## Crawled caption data
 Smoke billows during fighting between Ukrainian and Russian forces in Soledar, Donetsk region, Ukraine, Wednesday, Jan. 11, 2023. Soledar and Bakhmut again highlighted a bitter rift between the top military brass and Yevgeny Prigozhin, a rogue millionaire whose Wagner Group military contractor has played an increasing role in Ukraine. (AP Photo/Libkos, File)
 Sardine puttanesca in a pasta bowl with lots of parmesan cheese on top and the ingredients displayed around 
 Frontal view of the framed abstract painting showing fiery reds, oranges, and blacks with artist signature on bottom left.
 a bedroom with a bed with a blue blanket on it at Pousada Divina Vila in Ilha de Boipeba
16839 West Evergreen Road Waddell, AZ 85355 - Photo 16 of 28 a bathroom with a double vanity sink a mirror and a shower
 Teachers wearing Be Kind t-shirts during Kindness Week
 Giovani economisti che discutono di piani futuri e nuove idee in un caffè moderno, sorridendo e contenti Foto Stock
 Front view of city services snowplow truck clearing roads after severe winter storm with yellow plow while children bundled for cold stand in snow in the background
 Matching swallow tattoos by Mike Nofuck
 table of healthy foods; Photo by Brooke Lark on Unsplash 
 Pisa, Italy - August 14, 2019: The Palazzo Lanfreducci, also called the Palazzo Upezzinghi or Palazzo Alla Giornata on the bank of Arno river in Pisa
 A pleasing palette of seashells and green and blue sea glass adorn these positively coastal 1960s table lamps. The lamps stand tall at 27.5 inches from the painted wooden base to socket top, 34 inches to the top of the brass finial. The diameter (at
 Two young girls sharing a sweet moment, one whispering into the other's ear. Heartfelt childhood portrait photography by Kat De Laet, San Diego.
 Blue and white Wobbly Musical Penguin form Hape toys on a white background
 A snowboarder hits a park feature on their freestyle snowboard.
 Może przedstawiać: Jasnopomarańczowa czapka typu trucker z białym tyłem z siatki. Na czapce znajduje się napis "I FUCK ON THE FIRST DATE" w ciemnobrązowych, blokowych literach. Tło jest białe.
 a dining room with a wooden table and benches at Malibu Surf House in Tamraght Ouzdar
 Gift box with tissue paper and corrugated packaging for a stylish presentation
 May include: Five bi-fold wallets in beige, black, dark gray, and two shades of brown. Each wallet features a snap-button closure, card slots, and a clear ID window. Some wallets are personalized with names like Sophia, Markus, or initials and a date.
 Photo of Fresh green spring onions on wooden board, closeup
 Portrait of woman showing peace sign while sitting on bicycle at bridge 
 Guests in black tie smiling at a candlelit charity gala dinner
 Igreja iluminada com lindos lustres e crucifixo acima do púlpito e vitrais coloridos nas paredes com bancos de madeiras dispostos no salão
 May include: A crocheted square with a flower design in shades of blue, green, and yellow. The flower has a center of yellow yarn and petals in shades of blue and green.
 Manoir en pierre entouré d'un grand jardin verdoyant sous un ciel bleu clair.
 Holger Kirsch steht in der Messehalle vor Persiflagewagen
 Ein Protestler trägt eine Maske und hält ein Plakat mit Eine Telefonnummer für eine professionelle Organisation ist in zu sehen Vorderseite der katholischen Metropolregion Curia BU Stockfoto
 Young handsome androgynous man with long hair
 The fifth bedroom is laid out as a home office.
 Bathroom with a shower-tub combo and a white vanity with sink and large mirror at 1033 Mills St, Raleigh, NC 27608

## Task description
Each line above must be retyped exactly in the response.

## Answer space
 Smoke billows during fighting between Ukrainian and Russian forces in Soledar, Donetsk region, Ukraine, Wednesday, Jan. 11, 2023. Soledar and Bakhmut again highlighted a bitter rift between the top military brass and Yevgeny Prigozhin, a rogue millionaire whose Wagner Group military contractor has played an increasing role in Ukraine. (AP Photo/Libkos, File)
 Sardine puttanesca in a pasta bowl with lots of parmesan cheese on top and the ingredients displayed around 
 Frontal view of the framed abstract painting showing fiery reds, oranges, and blacks with artist signature on bottom left.
 a bedroom with a bed with a blue blanket on it at Pousada Divina Vila in Ilha de Boipeba
16839 West Evergreen Road Waddell, AZ 85355 - Photo 16 of 28 a bathroom with a double vanity sink a mirror and a shower
 Teachers wearing Be Kind t-shirts during Kindness Week
 Giovani economisti che discutono di piani futuri e nuove idee in un caffè moderno, sorridendo e contenti Foto Stock
 Front view of city services snowplow truck clearing roads after severe winter storm with yellow plow while children bundled for cold stand in snow in the background
 Matching swallow tattoos by Mike Nofuck
 table of healthy foods; Photo by Brooke Lark on Unsplash 
 Pisa, Italy - August 14, 2019: The Palazzo Lanfreducci, also called the Palazzo Upezzinghi or Palazzo Alla Giornata on the bank of Arno river in Pisa
 A pleasing palette of seashells and green and blue sea glass adorn these positively coastal 1960s table lamps. The lamps stand tall at 27.5 inches from the painted wooden base to socket top, 34 inches to the top of the brass finial. The diameter (at
 Two young girls sharing a sweet moment, one whispering into the other's ear. Heartfelt childhood portrait photography by Kat De Laet, San Diego.
 Blue and white Wobbly Musical Penguin form Hape toys on a white background
 A snowboarder hits a park feature on their freestyle snowboard.
 Może przedstawiać: Jasnopomarańczowa czapka typu trucker z białym tyłem z siatki. Na czapce znajduje się napis "I FUCK ON THE FIRST DATE" w ciemnobrązowych, blokowych literach. Tło jest białe.
 a dining room with a wooden table and benches at Malibu Surf House in Tamraght Ouzdar
 Gift box with tissue paper and corrugated packaging for a stylish presentation
 May include: Five bi-fold wallets in beige, black, dark gray, and two shades of brown. Each wallet features a snap-button closure, card slots, and a clear ID window. Some wallets are personalized with names like Sophia, Markus, or initials and a date.
 Photo of Fresh green spring onions on wooden board, closeup
 Portrait of woman showing peace sign while sitting on bicycle at bridge 
 Guests in black tie smiling at a candlelit charity gala dinner
 Igreja iluminada com lindos lustres e crucifixo acima do púlpito e vitrais coloridos nas paredes com bancos de madeiras dispostos no salão
 May include: A crocheted square with a flower design in shades of blue, green, and yellow. The flower has a center of yellow yarn and petals in shades of blue and green.
 Manoir en pierre entouré d'un grand jardin verdoyant sous un ciel bleu clair.
 Holger Kirsch steht in der Messehalle vor Persiflagewagen
 Ein Protestler trägt eine Maske und hält ein Plakat mit Eine Telefonnummer für eine professionelle Organisation ist in zu sehen Vorderseite der katholischen Metropolregion Curia BU Stockfoto
 Young handsome androgynous man with long hair
 The fifth bedroom is laid out as a home office.
 Bathroom with a shower-tub combo and a white vanity with sink and large mirror at 1033 Mills St, Raleigh, NC 27608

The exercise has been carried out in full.